— What is being asked —
For the records below, copy exactly the span that begins at the line containing "Sezonul grădinăritului e" and stops after the line containing "14kt White Gold Medium Satin Number 22 Charm", minus any pictures.

— Source data —
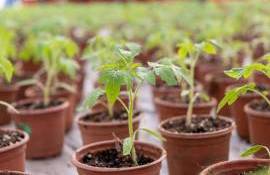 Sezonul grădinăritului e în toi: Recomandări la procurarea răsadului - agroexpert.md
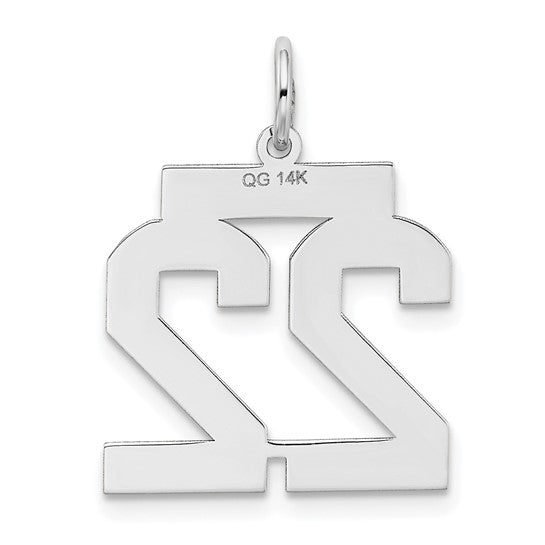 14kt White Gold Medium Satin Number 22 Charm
...
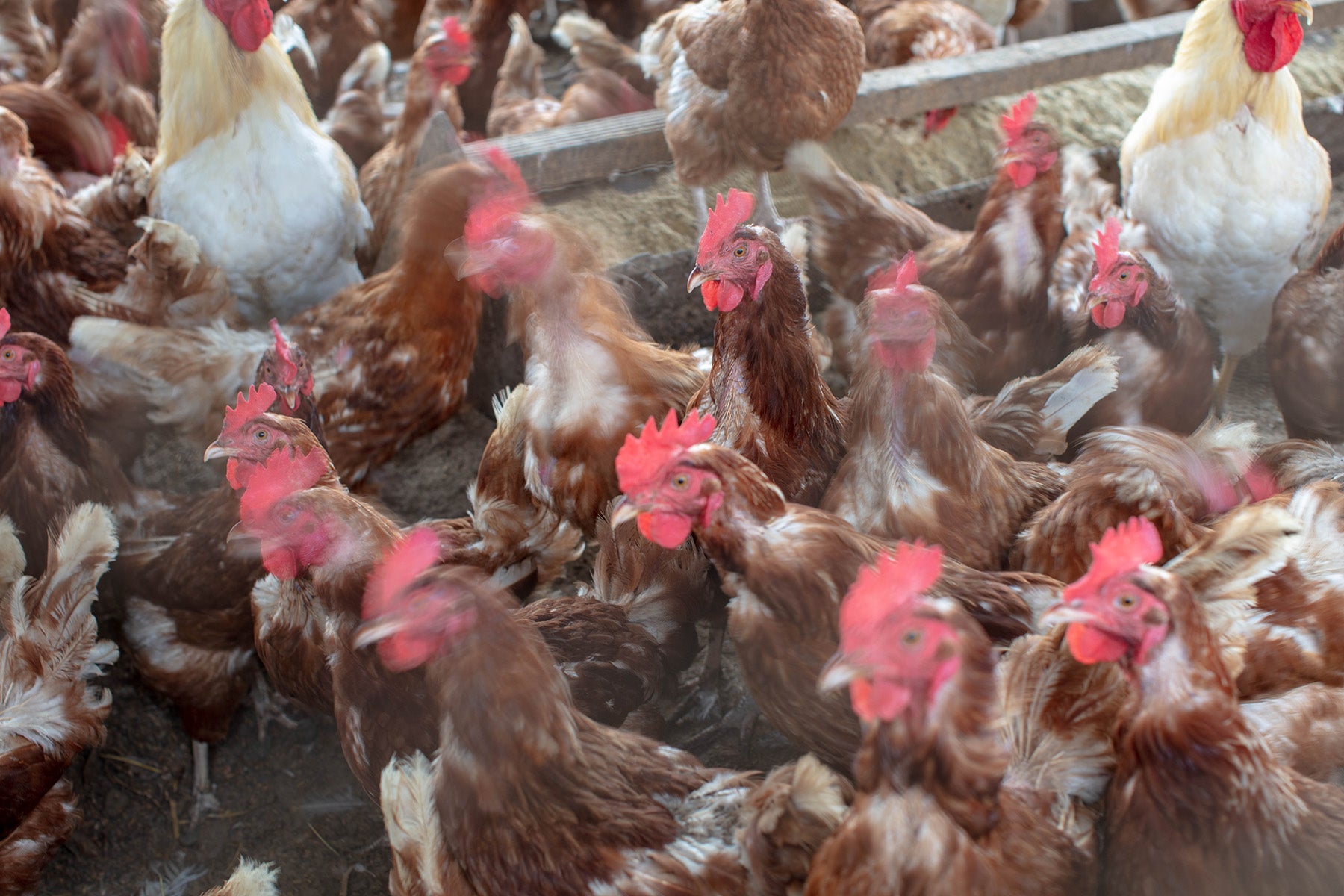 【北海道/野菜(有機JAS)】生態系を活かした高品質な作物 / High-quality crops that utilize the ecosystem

— Task output —
 Sezonul grădinăritului e în toi: Recomandări la procurarea răsadului - agroexpert.md
 14kt White Gold Medium Satin Number 22 Charm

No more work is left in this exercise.